Coy Communications’ advertising and design virtuoso has made an art out of following through his whims, describing his work as ‘a series of schoolboy jokes with a high-end finish’. Jim Davies looks back over his long, multifaceted career

Bespoke is Mark Denton’s middle name. Well, it’s not actually, but it should be. When we meet at the offices of Coy Communications, he’s wearing a bespoke blue fleecy tracksuit, with the word ’Denton’ in garish orange fairground type across the back. He occasionally twirls his rakish moustache, as we reflect on a remarkable 30-year career in which he’s taken his own inimitable style into advertising, art direction, commercials direction, interior design, and more latterly, graphics and corporate identity.

’Most people go down the pub, come up with crazy ideas, have a laugh, and then think no more about it,’ he says. ’The difference is, I’ll follow it through. And I’ll do it properly, too.’ It’s true. The most extraordinary manifestation of this was probably his former west London bachelor pad, which he’d done up as a cartoon stately home, ’where Caravaggio meets Carry On’. The walls were festooned with cod-ancestral portraits of a wigged-up Denton posing variously as a Viking, an Edwardian footballer and a lecherous monk. Artist Ron Mueck and cartoonist Hunt Emerson helped create outlandish furniture and fittings, many of them roped off in the manner of National Trust properties and museums.

For Denton – who studied at Ravensbourne before making his mark on the advertising scene – flights of fancy very often get off the ground. And virtually everything he touches becomes an obsessive, extravagant labour of love. Take his current in-tray/ he’s developing a range of tweed jeans under the fledgling Denton label, and has ambitious plans to follow the success of 2005’s lavishly awarded Styling Lard with another self-initiated magazine. He’s also directing 18 30-second commercials for T-Mobile and a Bulmers cider campaign, and creating the identity for Coy, the ironically titled production company he set up with producer Sara Cummins two years ago.
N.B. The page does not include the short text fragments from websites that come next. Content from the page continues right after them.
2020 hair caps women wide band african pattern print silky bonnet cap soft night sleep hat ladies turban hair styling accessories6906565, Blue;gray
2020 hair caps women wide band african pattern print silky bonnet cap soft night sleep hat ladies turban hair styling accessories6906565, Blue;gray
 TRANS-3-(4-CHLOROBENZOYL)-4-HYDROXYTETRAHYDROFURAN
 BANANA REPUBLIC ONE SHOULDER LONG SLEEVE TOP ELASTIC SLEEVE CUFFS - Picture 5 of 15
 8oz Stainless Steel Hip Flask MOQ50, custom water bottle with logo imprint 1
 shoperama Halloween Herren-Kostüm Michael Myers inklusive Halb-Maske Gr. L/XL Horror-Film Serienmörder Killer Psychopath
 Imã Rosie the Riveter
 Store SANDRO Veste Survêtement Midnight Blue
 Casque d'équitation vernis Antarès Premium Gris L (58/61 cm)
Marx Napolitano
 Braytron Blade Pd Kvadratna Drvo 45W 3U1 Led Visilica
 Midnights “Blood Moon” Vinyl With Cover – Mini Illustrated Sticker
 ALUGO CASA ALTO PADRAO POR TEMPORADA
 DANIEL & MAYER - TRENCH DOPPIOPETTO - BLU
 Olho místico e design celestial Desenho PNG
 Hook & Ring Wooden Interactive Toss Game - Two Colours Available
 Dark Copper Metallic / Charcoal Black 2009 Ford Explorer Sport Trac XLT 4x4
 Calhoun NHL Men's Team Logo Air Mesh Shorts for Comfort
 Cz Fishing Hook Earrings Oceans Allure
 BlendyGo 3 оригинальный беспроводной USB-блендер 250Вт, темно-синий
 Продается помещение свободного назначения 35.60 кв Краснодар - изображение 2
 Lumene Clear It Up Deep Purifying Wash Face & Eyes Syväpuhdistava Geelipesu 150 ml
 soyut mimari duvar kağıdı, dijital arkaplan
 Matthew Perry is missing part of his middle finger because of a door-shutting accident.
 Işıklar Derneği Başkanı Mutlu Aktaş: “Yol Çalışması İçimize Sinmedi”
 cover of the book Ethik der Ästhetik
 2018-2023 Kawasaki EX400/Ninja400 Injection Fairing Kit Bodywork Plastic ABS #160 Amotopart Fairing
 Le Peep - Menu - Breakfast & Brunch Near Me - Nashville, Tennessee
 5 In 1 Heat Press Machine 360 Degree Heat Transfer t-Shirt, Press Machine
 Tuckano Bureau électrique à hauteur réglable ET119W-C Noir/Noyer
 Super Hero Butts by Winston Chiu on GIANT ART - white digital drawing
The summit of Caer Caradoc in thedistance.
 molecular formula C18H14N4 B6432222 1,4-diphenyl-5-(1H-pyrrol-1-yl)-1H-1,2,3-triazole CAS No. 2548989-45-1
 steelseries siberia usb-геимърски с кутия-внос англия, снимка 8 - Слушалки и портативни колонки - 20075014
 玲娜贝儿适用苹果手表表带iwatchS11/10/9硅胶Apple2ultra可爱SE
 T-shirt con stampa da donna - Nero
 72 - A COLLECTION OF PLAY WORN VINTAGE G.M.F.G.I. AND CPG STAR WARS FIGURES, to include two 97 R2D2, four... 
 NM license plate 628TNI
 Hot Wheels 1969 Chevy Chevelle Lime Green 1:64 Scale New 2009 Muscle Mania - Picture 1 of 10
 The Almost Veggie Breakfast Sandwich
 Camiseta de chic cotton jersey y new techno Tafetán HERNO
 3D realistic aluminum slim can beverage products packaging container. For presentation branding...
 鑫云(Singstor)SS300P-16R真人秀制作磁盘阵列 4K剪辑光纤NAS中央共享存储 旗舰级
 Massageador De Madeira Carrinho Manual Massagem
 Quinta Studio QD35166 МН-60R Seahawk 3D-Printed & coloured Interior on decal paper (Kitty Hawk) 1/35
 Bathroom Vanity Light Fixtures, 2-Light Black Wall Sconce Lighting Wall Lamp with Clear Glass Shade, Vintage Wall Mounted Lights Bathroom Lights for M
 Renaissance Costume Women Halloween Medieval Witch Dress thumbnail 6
Coy was introduced to the world with a double-page spread in advertising magazine Campaign, featuring a pair of buttocks with a C on the left cheek and a Y on the right. Not sure what happened to the staple.

Actually, identities for creative service companies have become something of a Denton stock in trade. To date, he’s conceived and crafted an outré look and feel for commercials companies, post-production houses and sound studios. A Large Evil Corporation, a small animation studio consisting of ’really nice people’, is the latest outfit to have benefited from the mix of fanfare and hoo-ha that inevitably seems to accompany a Denton project. Their impeccably printed range of stationery and accessories feature hilarious 1960s grotesques, meticulously realised escapee villains from an Austin Powers set.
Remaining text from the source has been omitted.